What really caught my eye was the fully-sealed and seemingly bullet-proof drag system. That is top priority when fishing in cold, wet conditions that may start out at 20 degrees and climb to 40 degrees by mid-day. Daily use and abuse during the average salmon and steelhead season will test a reel's finish, strength, and tolerances. A reel that can perform without a hiccup in these conditions will win my vote every time. The Nautilus reel was passed around the guide staff like a bottle of cheap whiskey with each one of the staff putting the reel through its paces.
The CCF drag system performed without flaw from September to December. The anodized finish remained intact, and the reel foot, or handle did not fall out (all of which has happened with other products we have tested and do not carry in the fly shop). I particularly like the smooth pick-up the reel has with no click on the uptake. This gives the reel a very silky feel and is great for spinning up line in a hurry when an October steelhead charges the boat. The large arbor design has almost become a standard in fly reels and the CNC styling of the barstock aluminum is beautifully designed and fully functional. Another very impressive feature was the amount of start-up inertia that the drag possessed. There was virtually no resistance on start-up.
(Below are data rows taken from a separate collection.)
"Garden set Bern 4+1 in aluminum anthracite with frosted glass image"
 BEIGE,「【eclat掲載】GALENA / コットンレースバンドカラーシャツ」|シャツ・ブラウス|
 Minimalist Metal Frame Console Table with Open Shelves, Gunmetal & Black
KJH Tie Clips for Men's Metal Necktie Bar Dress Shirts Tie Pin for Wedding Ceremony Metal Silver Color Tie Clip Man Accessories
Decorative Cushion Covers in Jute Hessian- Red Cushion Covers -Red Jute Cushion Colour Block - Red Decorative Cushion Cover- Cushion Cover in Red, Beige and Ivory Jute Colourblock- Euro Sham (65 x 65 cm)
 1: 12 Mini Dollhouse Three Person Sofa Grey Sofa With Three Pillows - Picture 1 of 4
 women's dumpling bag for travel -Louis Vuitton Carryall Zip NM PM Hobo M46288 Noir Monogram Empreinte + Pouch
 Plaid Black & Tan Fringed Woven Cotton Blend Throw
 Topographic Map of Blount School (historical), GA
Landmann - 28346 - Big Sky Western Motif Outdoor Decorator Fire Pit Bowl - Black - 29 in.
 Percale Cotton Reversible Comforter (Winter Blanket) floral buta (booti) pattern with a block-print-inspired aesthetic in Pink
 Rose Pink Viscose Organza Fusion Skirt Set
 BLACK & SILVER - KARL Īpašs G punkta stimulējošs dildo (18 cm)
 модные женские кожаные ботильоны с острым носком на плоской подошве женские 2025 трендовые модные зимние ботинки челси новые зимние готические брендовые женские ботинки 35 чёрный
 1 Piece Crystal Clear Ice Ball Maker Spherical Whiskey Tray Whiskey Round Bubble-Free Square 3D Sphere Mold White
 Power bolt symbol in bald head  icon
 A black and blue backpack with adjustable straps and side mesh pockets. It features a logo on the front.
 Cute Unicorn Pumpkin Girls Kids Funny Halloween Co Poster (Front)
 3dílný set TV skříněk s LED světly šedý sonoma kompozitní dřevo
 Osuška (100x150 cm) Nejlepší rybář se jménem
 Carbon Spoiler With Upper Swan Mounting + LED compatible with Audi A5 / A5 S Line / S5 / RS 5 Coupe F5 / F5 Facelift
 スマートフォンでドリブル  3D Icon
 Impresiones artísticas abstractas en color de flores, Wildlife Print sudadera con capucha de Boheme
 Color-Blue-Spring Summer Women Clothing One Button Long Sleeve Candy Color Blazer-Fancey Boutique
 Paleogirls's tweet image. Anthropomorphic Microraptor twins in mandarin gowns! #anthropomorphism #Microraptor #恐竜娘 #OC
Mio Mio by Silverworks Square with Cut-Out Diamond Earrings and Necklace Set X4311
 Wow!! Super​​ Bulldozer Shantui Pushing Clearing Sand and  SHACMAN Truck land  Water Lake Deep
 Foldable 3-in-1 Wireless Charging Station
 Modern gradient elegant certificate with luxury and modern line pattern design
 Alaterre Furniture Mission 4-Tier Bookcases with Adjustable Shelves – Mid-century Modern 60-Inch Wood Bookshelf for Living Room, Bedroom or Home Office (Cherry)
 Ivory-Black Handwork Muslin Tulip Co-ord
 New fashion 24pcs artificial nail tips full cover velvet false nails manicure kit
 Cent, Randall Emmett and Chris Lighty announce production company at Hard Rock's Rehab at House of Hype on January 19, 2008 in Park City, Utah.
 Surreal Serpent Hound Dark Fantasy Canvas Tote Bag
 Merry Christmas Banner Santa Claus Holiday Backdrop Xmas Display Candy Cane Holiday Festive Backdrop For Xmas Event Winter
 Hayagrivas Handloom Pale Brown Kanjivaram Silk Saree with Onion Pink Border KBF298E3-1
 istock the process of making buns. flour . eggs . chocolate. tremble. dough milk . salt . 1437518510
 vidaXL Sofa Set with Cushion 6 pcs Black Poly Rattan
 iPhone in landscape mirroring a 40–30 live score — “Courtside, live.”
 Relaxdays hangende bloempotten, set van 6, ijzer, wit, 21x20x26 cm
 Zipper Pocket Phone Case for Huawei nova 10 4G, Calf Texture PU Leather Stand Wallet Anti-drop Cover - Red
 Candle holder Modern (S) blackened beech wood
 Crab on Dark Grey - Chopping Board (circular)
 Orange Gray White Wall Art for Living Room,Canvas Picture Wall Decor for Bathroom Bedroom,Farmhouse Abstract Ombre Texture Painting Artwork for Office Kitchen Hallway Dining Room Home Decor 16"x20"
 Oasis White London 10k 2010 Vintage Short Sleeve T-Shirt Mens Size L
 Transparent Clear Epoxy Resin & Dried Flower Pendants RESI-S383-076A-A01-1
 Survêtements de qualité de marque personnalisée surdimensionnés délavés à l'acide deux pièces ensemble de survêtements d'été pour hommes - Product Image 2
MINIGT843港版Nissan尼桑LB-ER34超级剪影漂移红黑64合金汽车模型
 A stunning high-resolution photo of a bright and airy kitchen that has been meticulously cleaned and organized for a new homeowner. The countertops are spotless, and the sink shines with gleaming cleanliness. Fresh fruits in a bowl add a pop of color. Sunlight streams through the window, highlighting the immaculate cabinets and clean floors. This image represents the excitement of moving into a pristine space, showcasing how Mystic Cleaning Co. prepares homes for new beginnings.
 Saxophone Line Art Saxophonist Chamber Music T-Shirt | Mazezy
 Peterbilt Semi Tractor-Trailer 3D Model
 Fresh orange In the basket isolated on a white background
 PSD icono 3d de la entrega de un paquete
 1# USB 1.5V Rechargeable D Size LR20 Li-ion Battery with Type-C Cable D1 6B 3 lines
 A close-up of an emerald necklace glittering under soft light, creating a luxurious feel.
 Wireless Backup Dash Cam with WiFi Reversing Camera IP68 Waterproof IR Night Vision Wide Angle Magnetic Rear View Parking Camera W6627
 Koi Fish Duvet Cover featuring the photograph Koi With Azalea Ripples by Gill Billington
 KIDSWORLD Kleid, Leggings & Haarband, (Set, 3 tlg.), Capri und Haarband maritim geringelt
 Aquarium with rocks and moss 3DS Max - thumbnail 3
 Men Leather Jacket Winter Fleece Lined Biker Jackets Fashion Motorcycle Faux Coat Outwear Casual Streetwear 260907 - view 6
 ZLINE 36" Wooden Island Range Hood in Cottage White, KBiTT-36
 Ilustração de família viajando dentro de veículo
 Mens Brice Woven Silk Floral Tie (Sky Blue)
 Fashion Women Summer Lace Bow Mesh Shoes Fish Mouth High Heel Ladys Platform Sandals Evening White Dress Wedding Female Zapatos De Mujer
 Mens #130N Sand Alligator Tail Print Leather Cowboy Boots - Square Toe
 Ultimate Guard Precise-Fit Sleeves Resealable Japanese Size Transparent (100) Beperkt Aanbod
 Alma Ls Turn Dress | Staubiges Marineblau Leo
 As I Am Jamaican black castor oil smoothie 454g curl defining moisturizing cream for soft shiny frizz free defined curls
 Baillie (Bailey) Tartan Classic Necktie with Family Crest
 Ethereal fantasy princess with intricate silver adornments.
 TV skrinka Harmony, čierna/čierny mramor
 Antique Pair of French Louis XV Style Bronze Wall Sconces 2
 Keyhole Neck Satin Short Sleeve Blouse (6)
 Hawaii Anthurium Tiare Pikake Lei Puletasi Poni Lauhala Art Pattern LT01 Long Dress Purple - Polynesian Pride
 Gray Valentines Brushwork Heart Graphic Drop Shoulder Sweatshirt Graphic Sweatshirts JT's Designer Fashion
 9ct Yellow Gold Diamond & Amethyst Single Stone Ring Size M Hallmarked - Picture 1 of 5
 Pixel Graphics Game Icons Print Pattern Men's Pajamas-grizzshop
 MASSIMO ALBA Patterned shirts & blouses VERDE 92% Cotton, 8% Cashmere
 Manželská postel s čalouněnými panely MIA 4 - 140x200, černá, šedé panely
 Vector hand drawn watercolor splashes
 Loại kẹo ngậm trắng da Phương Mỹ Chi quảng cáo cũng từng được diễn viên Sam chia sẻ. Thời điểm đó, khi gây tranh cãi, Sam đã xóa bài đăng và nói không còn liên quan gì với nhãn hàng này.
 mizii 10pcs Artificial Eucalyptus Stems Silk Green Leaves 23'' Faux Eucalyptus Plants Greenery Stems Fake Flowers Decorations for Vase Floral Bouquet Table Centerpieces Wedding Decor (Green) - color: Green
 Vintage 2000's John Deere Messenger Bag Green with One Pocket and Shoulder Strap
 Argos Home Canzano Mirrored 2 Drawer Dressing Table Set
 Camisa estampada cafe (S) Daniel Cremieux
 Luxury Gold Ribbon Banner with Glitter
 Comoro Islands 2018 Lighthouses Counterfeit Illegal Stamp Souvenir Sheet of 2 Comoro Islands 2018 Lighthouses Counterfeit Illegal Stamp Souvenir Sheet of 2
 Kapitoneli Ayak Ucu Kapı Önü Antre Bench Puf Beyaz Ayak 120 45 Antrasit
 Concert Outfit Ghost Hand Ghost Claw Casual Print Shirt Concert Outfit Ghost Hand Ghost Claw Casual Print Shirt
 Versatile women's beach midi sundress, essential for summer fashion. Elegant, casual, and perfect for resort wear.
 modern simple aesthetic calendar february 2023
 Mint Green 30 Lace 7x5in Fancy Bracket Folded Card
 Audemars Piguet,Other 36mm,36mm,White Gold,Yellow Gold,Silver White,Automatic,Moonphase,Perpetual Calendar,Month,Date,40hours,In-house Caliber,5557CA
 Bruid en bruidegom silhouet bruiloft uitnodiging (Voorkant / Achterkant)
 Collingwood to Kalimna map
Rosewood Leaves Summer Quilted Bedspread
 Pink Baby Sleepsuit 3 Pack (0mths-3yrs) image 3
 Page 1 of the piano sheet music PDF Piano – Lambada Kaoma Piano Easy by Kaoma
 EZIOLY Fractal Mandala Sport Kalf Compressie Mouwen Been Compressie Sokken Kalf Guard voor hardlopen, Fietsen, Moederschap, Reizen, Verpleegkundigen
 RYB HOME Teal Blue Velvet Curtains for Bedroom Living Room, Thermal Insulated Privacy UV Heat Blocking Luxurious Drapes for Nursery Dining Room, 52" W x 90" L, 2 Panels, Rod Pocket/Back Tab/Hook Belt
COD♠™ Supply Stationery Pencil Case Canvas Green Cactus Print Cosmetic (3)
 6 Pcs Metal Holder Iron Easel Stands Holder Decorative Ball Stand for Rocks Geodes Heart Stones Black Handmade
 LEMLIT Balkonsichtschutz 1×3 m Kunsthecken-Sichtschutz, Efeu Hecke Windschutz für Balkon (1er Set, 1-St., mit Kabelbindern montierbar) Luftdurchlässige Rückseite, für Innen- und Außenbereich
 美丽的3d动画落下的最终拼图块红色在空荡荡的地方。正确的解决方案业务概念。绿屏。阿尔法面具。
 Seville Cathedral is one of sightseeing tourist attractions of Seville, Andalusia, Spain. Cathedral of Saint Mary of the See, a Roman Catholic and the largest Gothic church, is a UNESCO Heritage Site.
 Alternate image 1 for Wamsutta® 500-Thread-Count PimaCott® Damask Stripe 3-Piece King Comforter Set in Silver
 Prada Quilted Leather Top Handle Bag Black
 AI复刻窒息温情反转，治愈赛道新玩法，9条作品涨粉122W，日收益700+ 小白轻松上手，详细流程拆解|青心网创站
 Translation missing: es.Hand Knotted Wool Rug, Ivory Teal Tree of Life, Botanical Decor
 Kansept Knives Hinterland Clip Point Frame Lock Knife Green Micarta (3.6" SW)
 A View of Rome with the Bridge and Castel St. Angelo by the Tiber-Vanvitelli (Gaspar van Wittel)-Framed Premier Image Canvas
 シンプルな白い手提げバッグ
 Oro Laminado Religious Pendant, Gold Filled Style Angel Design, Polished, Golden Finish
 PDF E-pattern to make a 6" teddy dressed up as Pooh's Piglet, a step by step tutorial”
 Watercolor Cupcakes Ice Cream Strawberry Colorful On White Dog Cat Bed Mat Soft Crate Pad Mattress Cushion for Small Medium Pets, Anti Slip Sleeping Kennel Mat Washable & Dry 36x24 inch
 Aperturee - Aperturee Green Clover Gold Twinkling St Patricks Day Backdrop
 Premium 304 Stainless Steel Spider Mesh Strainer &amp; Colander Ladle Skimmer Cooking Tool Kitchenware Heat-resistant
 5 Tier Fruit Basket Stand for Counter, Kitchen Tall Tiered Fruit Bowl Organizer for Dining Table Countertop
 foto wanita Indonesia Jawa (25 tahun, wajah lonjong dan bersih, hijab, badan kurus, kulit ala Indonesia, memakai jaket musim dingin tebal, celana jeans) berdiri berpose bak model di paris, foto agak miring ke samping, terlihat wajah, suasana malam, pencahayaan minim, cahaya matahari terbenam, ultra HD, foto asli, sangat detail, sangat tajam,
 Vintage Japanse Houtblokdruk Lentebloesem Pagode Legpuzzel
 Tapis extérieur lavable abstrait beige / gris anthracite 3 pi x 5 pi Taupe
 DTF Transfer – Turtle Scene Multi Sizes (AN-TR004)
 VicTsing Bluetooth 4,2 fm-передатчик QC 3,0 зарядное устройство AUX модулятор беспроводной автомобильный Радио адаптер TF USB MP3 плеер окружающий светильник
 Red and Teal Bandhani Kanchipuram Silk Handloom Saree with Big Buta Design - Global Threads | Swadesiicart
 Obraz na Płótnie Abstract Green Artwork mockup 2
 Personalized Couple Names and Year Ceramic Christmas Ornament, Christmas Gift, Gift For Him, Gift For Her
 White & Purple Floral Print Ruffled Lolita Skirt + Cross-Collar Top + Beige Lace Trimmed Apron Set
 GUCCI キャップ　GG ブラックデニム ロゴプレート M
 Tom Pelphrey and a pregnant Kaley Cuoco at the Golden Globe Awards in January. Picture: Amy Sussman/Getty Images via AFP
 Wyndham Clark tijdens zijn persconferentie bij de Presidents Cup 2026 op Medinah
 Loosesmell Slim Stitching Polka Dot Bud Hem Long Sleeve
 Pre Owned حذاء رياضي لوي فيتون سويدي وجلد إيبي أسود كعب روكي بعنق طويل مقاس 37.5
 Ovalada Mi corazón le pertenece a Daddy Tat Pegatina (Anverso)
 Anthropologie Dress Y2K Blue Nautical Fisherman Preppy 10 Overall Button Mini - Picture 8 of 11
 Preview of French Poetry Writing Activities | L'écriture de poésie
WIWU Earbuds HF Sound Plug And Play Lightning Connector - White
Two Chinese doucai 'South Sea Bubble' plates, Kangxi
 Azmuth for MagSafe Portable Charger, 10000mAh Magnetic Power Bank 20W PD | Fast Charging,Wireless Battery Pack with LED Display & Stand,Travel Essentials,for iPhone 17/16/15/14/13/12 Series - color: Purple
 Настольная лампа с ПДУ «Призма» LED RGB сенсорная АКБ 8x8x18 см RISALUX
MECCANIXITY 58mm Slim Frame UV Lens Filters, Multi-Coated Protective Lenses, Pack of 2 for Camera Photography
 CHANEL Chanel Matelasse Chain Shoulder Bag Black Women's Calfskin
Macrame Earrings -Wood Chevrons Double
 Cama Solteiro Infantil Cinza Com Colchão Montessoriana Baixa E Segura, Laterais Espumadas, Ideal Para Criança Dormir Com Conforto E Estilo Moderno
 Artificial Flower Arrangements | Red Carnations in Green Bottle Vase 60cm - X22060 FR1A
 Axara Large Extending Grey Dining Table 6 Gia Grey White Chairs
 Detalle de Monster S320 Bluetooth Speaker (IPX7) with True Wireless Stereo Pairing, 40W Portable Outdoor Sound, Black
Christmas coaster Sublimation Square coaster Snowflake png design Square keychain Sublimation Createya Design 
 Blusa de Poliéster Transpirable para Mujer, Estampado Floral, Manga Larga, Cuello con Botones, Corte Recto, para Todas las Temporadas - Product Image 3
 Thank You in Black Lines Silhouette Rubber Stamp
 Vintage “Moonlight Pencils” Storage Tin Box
The real kicker was a day that I fished the reel in 29 degree weather and completely submersed the reel for what seemed like an eternity. The drag still performed, without so much as a hitch. The line actually froze to itself, but the drag remained fully functional.
Yes, we do need another fly reel on the market, as long as it is as tough and functional as the Nautilus CCF Series. This will be my next Spey reel with the 12S CCF being my reel of choice.